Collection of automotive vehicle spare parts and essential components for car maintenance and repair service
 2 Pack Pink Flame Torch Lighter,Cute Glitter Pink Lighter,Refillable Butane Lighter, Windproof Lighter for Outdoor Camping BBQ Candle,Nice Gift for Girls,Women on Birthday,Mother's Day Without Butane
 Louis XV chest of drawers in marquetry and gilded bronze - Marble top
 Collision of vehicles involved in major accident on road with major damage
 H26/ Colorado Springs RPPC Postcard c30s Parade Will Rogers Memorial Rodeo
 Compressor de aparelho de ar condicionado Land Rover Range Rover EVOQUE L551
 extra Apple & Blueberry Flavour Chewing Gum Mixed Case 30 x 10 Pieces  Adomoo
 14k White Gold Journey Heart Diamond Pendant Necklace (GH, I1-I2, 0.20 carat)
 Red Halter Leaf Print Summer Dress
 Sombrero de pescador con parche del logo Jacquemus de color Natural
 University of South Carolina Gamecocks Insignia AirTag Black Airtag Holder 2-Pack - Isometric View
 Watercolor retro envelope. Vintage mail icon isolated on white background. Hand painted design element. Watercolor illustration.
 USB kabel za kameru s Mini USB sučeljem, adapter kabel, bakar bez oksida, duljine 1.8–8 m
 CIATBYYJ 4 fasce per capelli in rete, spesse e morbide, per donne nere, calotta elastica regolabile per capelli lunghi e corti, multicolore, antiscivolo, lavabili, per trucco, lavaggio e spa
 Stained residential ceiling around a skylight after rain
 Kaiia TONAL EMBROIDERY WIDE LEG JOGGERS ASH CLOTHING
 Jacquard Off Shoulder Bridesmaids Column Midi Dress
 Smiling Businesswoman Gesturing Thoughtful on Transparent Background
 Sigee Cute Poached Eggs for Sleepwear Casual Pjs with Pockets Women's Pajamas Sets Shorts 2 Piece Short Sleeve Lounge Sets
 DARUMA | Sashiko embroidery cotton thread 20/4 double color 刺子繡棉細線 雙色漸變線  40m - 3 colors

Brief>
Return the records exactly, character for character.

Written solution>
Collection of automotive vehicle spare parts and essential components for car maintenance and repair service
 2 Pack Pink Flame Torch Lighter,Cute Glitter Pink Lighter,Refillable Butane Lighter, Windproof Lighter for Outdoor Camping BBQ Candle,Nice Gift for Girls,Women on Birthday,Mother's Day Without Butane
 Louis XV chest of drawers in marquetry and gilded bronze - Marble top
 Collision of vehicles involved in major accident on road with major damage
 H26/ Colorado Springs RPPC Postcard c30s Parade Will Rogers Memorial Rodeo
 Compressor de aparelho de ar condicionado Land Rover Range Rover EVOQUE L551
 extra Apple & Blueberry Flavour Chewing Gum Mixed Case 30 x 10 Pieces  Adomoo
 14k White Gold Journey Heart Diamond Pendant Necklace (GH, I1-I2, 0.20 carat)
 Red Halter Leaf Print Summer Dress
 Sombrero de pescador con parche del logo Jacquemus de color Natural
 University of South Carolina Gamecocks Insignia AirTag Black Airtag Holder 2-Pack - Isometric View
 Watercolor retro envelope. Vintage mail icon isolated on white background. Hand painted design element. Watercolor illustration.
 USB kabel za kameru s Mini USB sučeljem, adapter kabel, bakar bez oksida, duljine 1.8–8 m
 CIATBYYJ 4 fasce per capelli in rete, spesse e morbide, per donne nere, calotta elastica regolabile per capelli lunghi e corti, multicolore, antiscivolo, lavabili, per trucco, lavaggio e spa
 Stained residential ceiling around a skylight after rain
 Kaiia TONAL EMBROIDERY WIDE LEG JOGGERS ASH CLOTHING
 Jacquard Off Shoulder Bridesmaids Column Midi Dress
 Smiling Businesswoman Gesturing Thoughtful on Transparent Background
 Sigee Cute Poached Eggs for Sleepwear Casual Pjs with Pockets Women's Pajamas Sets Shorts 2 Piece Short Sleeve Lounge Sets
 DARUMA | Sashiko embroidery cotton thread 20/4 double color 刺子繡棉細線 雙色漸變線  40m - 3 colors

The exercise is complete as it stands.